Energy bills were already 14% higher in real terms than before Ukraine. Mortgage rates on fixed deals have been creeping back above 5%. And if you’re already feeling the squeeze at the supermarket and the petrol station, none of this will feel surprising.
So if you’re in your 50s or 60s and that familiar knot of worry has crept back in this week, I want to talk to you like we’re friends. Because there are a few things worth doing this weekend. None of them are particularly hard or scary, but they matter.
First, step away from the noise for a bit
Turn off the finance news for the weekend. Not because what’s happening doesn’t matter – it clearly does – but because none of the decisions you need to make right now will be improved by watching oil tickers and hearing market updates scroll past all Saturday.
The Gulf disruption, the inflation creep, the Ofgem uncertainty – these are real. But they’re largely outside your control. What you can control is whether you respond thoughtfully or react out of fear. And that always starts with slowing down and really thinking things through.

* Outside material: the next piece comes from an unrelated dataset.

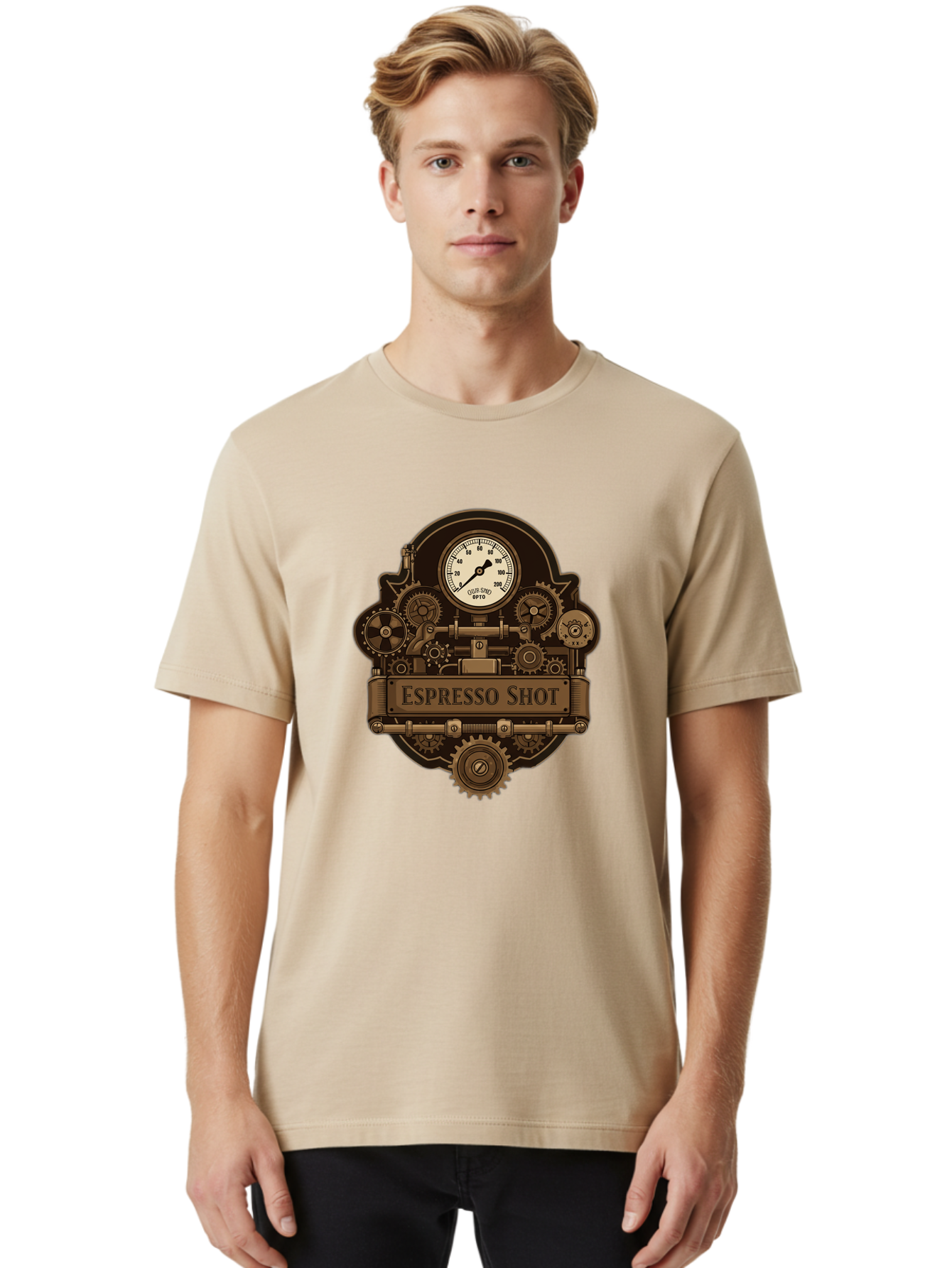 Espresso-Shot-2 Men'S Graphic Tee, 100% Cotton, Comfortable Casual Summer Wear, Machine Washable, Steampunk-Style Espresso Machine, Intricate Gears, Vintage Clock Face, Ottone, Industrial Design, Coffee Culture, Mechanical Parts, Bronze Tone, Bab892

Remind yourself what your actual timeline is
Here’s the question I’d ask you to sit with: “when do you actually need to draw on your investments or pension for income?”
Not when you want to stop working. When you’ll genuinely need the money to live on.
For a lot of people between 55 and 65, the honest answer is still five, eight, even ten or more years away. Markets have come back from oil shocks before, in 1973, 1990, 2008. They’ve recovered from worse than this. The FTSE has fallen about 10% from its highs right now already, with all of this. Time is what gives your investments room to breathe.
If you’re already drawing from your pension or ISA, the question shifts a little, but the heart of it is the same: “do you have enough in stable, lower-risk assets to avoid being forced to sell the good growth stuff while it’s down?”
Check whether you have a buffer and be honest about it
This is the one I keep coming back to with people in this season of life.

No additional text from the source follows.